Victor Davis Hanson: Character Must Be Weighed Against Achieving Political Objectives
Personal character should rank high among traits for evaluating a presidential candidate, but we live in the real world and we should be cognizant of the difference in the two parties’ respective approaches to character. The Republicans feel that control of the personal appetites is essential to political office. And therefore, they audit and censor their own when they don’t meet that standard, whether it’s sexual appetites, or whether it’s ethical breaches. The Democrats believe in a cosmic utopian agenda of egalitarianism, quality, fraternity. And because they feel that their ends are more exalted than are the Republicans’, they’re willing to justify any means necessary almost to get to them.
How that translates into the real political world is something along the lines that Trump’s supposed vulgarity and crudity — in some cases actual rather than supposed — becomes a felony in the eyes of Republican establishment figures to such a degree that they cannot vote for him.
Hillary’s indicative — it’s not a subjunctive but indicative mood — that whether she’s rigged the cattle futures market when she started out; whether she was fired from the Watergate community for unethical behavior; whether it’s “Troopergate”; whether it’s demonizing women who were not adulterous, but victims of sexual assault from her husband; whether it was her personal server; whether it was the Clinton foundation scandals; whether it was these, I think, very deplorable $250,000 fees to Wall Street and other foreign banks that pose conflict of interest. All of these demerits are considered by the left as not disqualifying on her part.
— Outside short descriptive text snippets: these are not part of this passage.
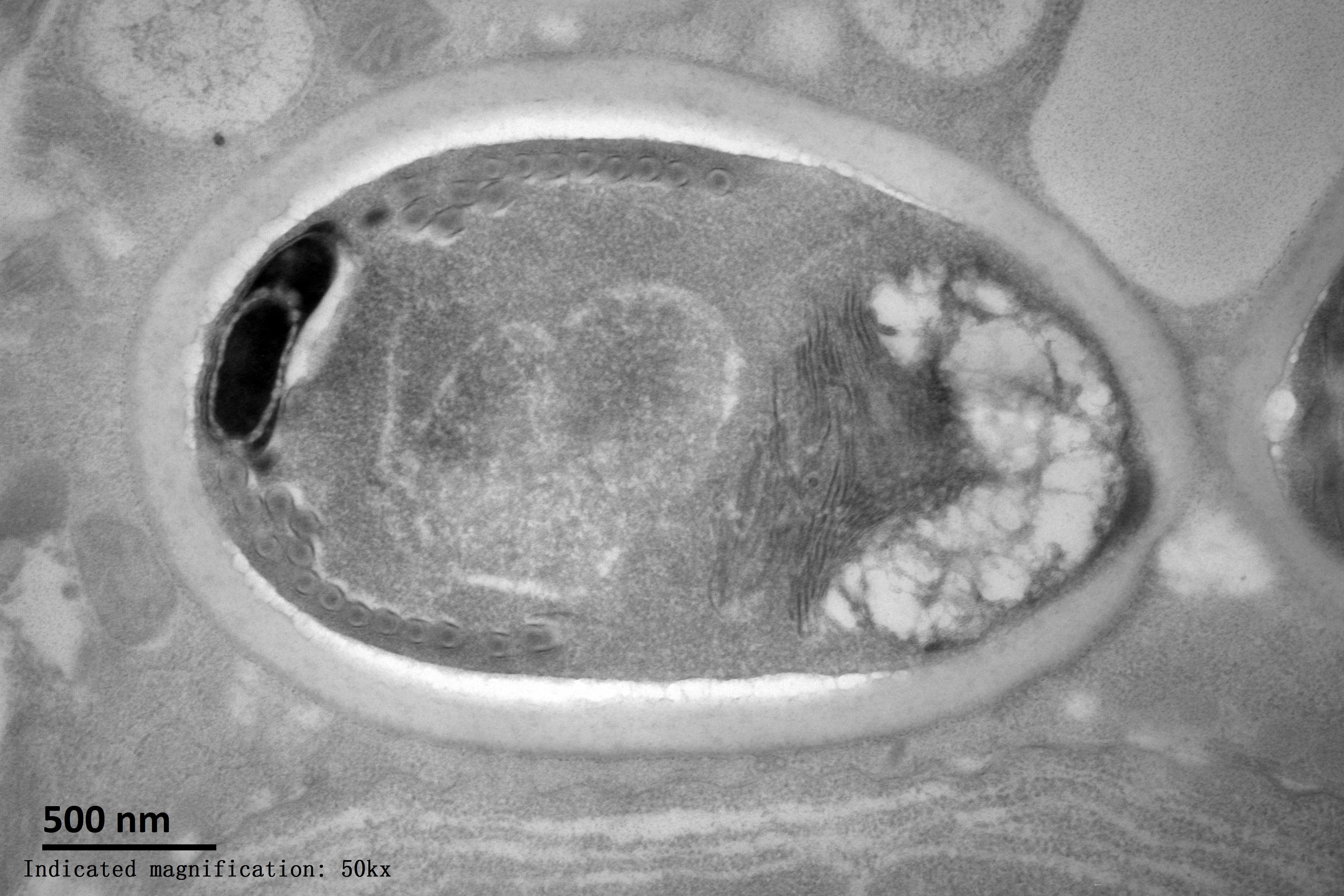 Photo of Nosema bombycis CQ1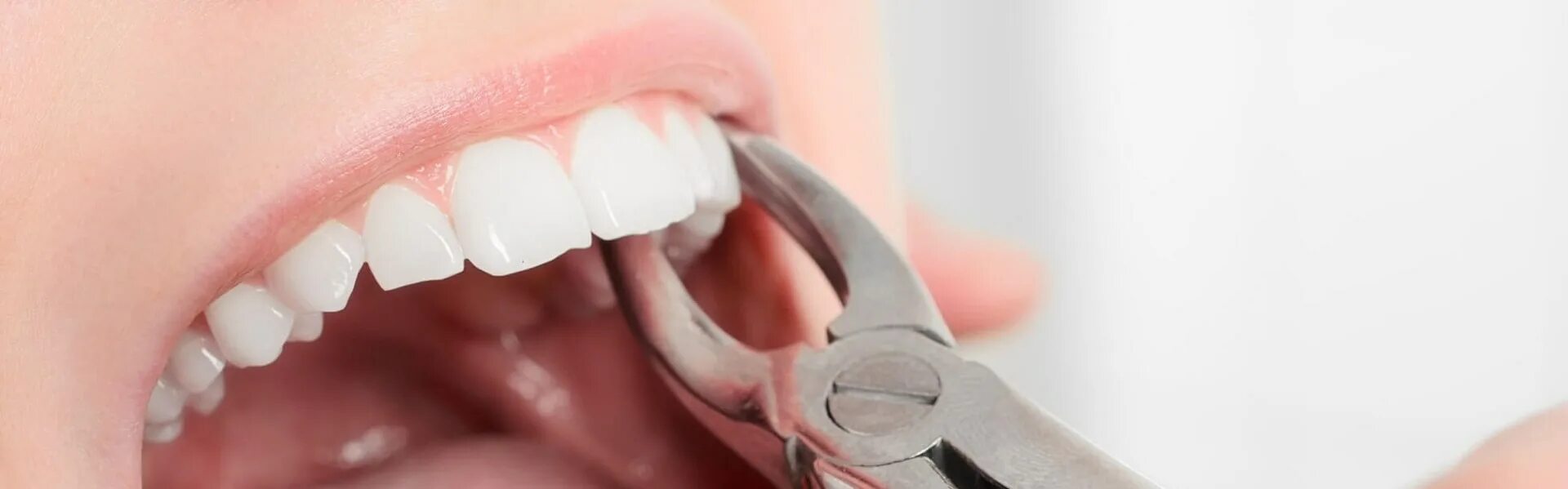 Удалить резцы. Моляры премоляры резцы клыки у человека. Этапы удаления корня зуба щипцами. Резекция верхушки корня зуба на нижней челюсти. Удалить резцы.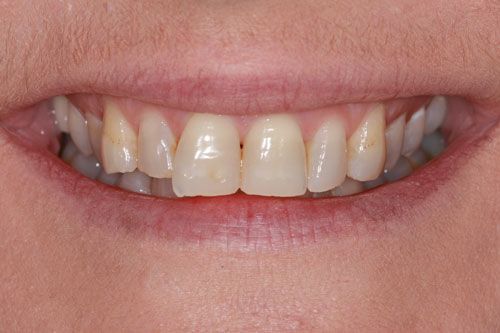 Before Veneers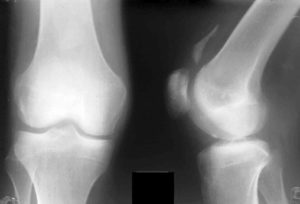 Опухоль при гемартрозе колена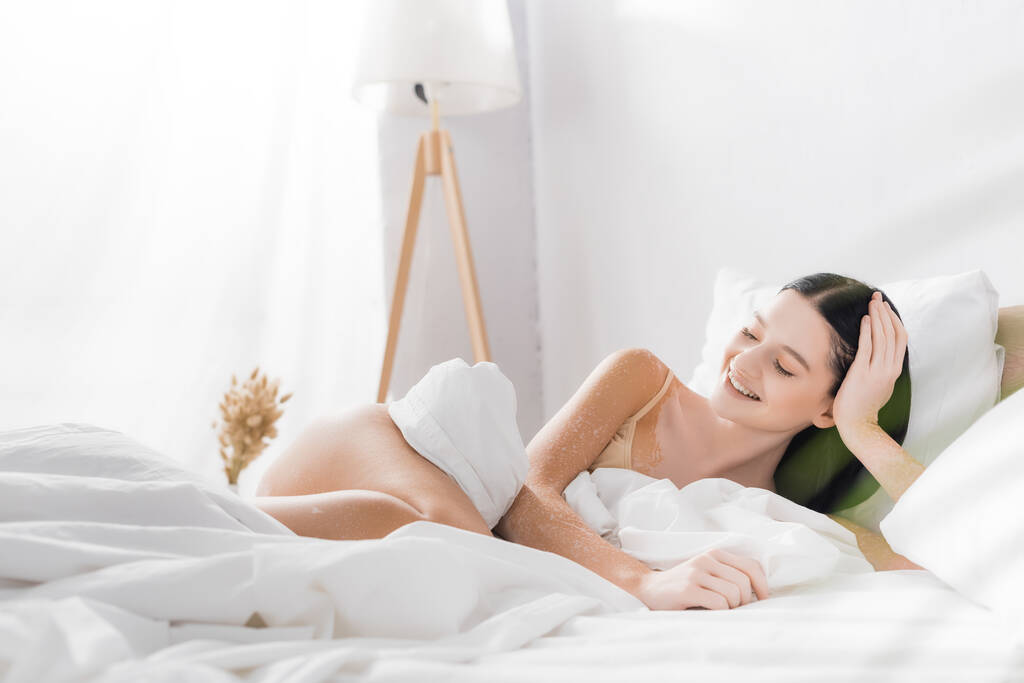 mladá šťastná žena s vitiligem ležící na posteli - Fotografie, Obrázek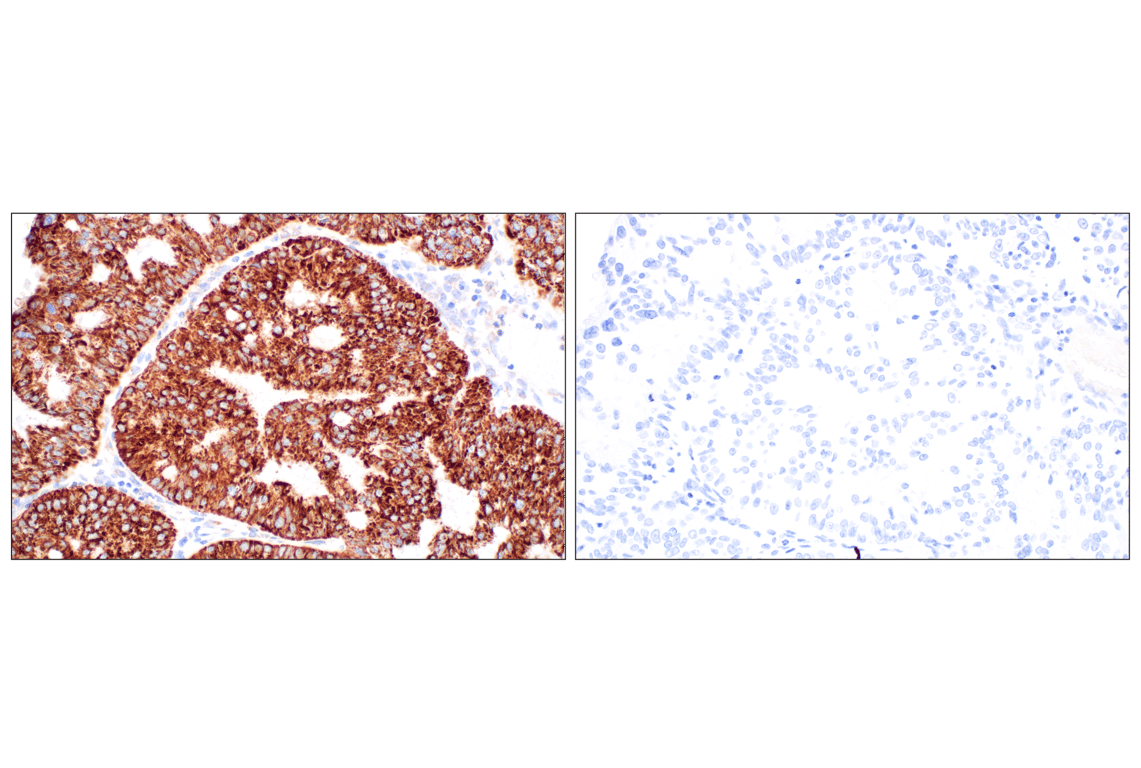 undefined Image 44: Organelle Localization IF Antibody Sampler Kit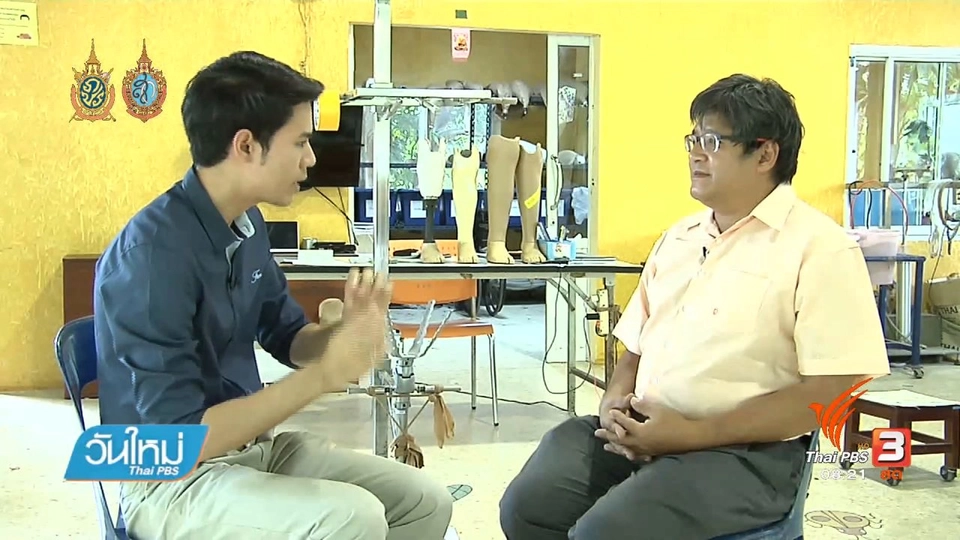 วัดสุอลูมิเนียมนำไปรีไซเคิลทำองค์ประกอบขาเทียม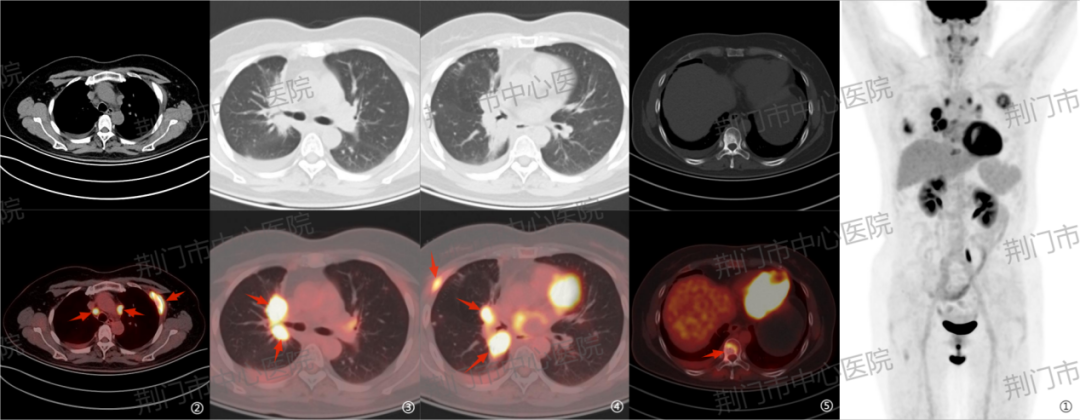 肿瘤患者复查做不做 PET/CT？这张「必要性清单」帮您答疑解惑！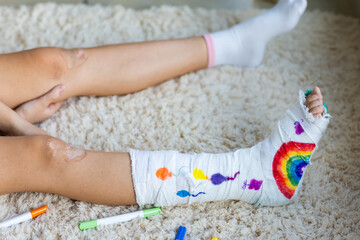 Child with leg cast decorated with colorful drawings lying on carpet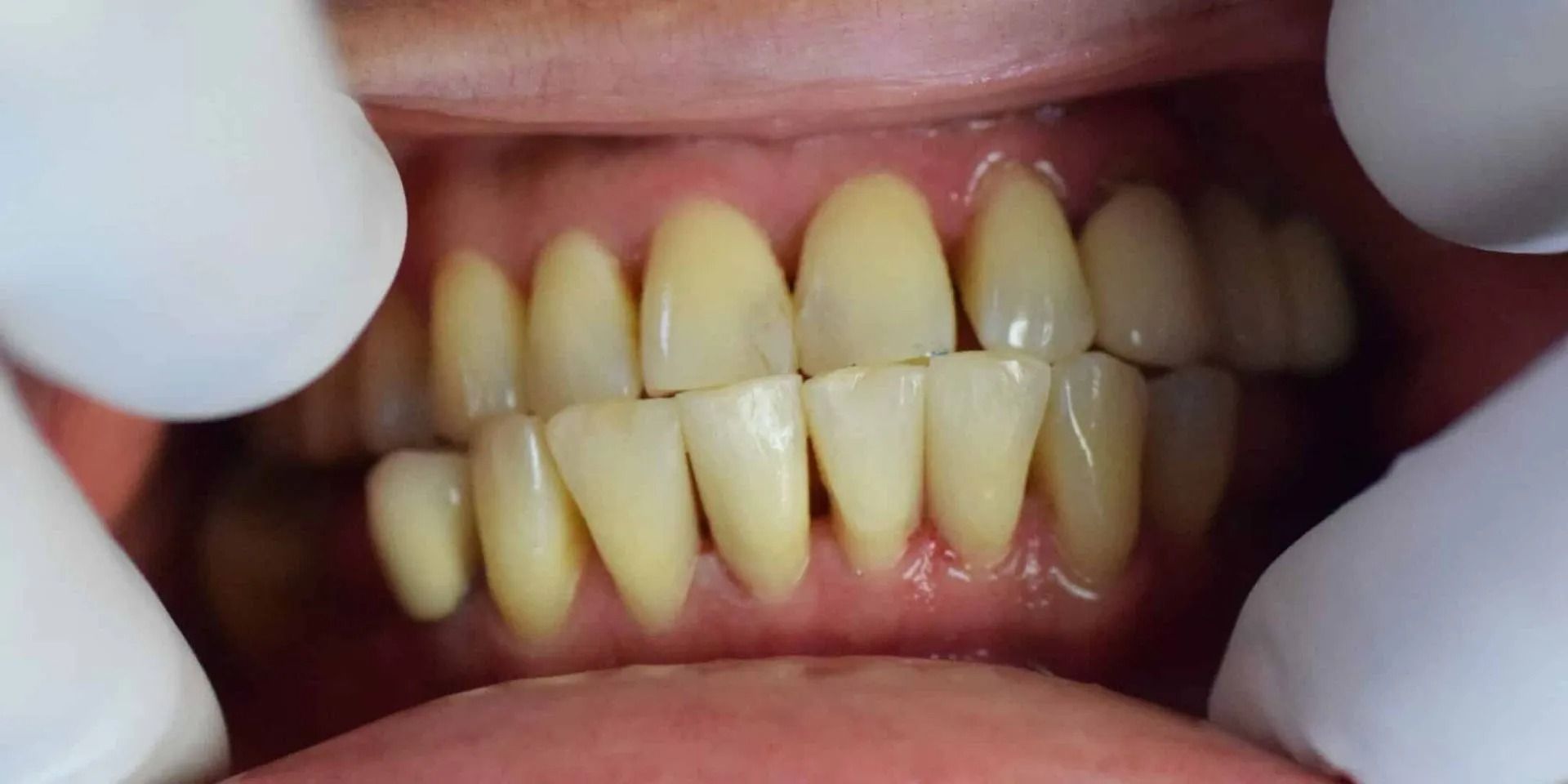 Close-up of teeth being examined by gloved hands, showing yellowed teeth and pink gums.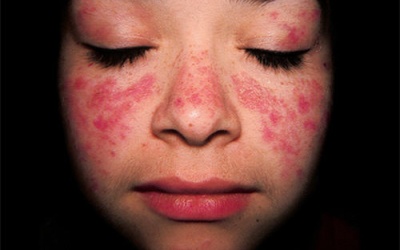Mắc lupus ban đỏ có nên ăn thịt chim bồ câu?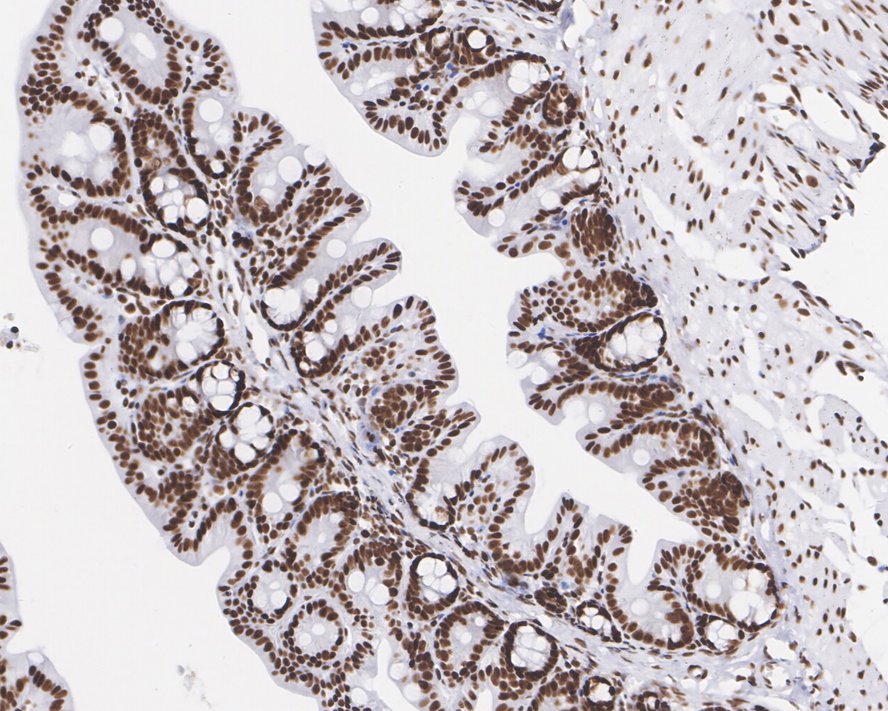 Immunohistochemical analysis of paraffin-embedded mouse testis tissue with Rabbit anti-BRG1 antibody (ET1611-85) at 1/500 dilution.<br />
<br />
The section was pre-treated using heat mediated antigen retrieval with sodium citrate buffer (pH 6.0) for 2 minutes. The tissues were blocked in 1% BSA for 20 minutes at room temperature, washed with ddH2O and PBS, and then probed with the primary antibody (ET1611-85) at 1/500 dilution for 1 hour at room temperature. The detection was performed using an HRP conjugated compact polymer system. DAB was used as the chromogen. Tissues were counterstained with hematoxylin and mounted with DPX.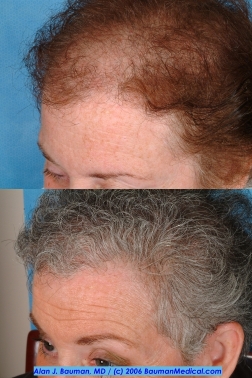 Ny Times: Female Hair Loss - -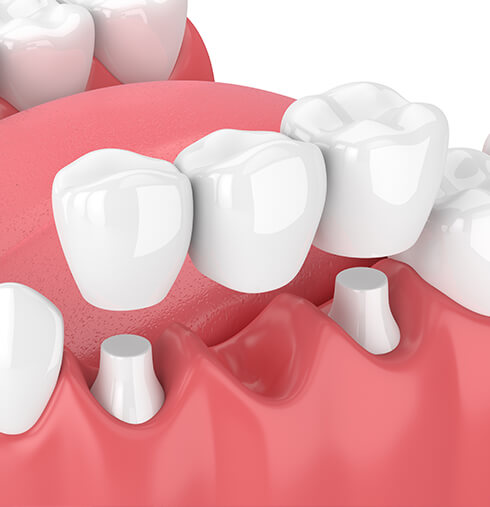 illustration of dental bridges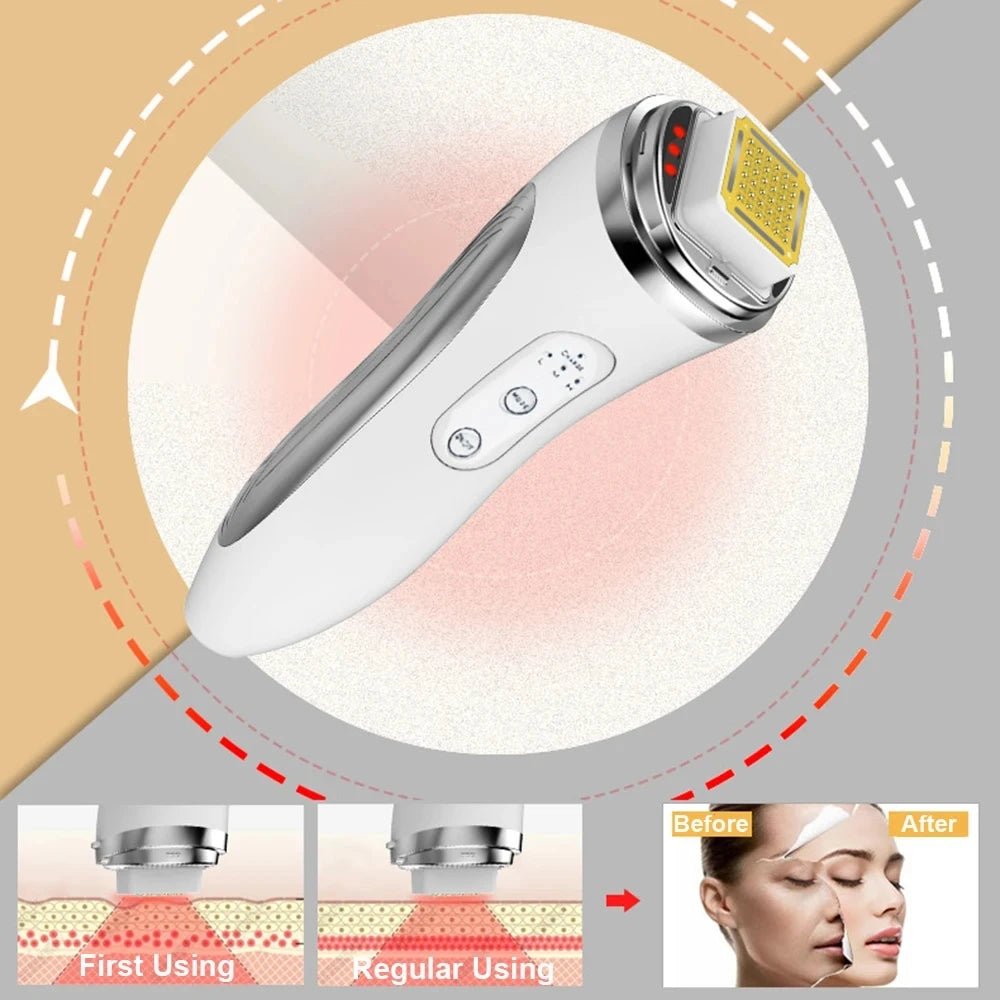 Electric Facial Lifting Machine Dot Matrix Skin Tightening Rejuvenation Wrinkle Removal Face Massager Home Use Beauty Devices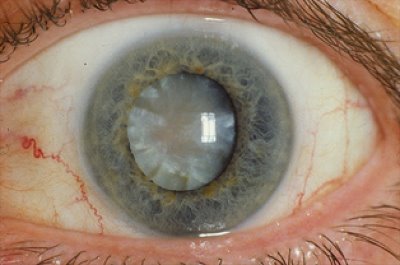 Cataract - Notice the cloudy lens;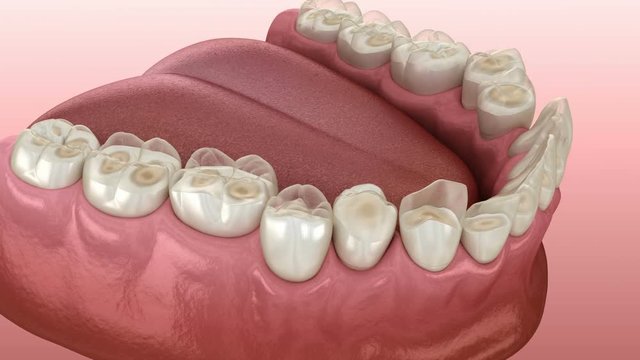 Dental attrition (Bruxism) resulting in loss of tooth tissue.  Medically accurate tooth 3D animation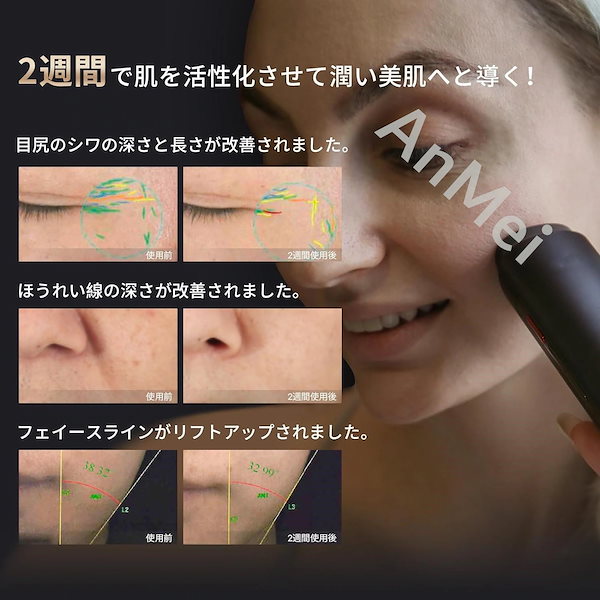 Qoo10] EMS 美顔器 1台10役 ラジオ波 R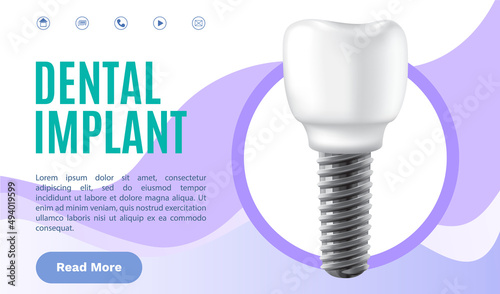 Dental clinic poster vector illustration. Advertising of hospital for teeth treatment. Medical services for installation of dental implant. Human gum with healthy teeth and denture on dentistry banner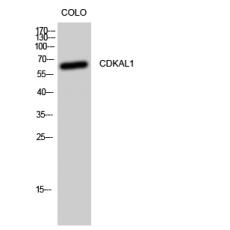 Anti-CDKAL1 antibody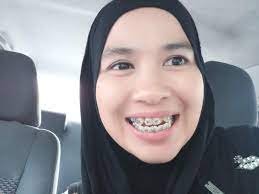 Check spelling or type a new query. Yat S Braces Journey Pengalaman Pemasangan Braces Hayatisuki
To put it in other terms, Bernie Sanders will say, “Yes. The Democratic establishment rigged — in their own words — the nomination process against me.” Or he will say, “Yes, Hillary Clinton ridiculed my supporters as prolonged adolescents in their basements of their parents’ homes.” Or, “She [Hillary Clinton] confirmed my suspicions that she talks one way to Wall Street, another way to us. However I’m still going to vote for her.” Carly Fiorina or Jeb Bush conversely would say that Trump’s vulgarity is just beyond the pale.
We live in a real world, and we’re not going to see 50 foreign policy analysts that were in Democratic administrations write a letter, as their Republican counterparts did, professing inability to support their party’s candidate. That’s just the way it works out.
And so I think that the bottom line is, Republicans have to be attuned to character, but they also have to realize they’re in a race for power and an agenda with other people who don’t value it at all. And for some Republicans, that reality causes them to value character all the more greatly. For other Republicans, that reality explains why Republicans continue to lose presidential races.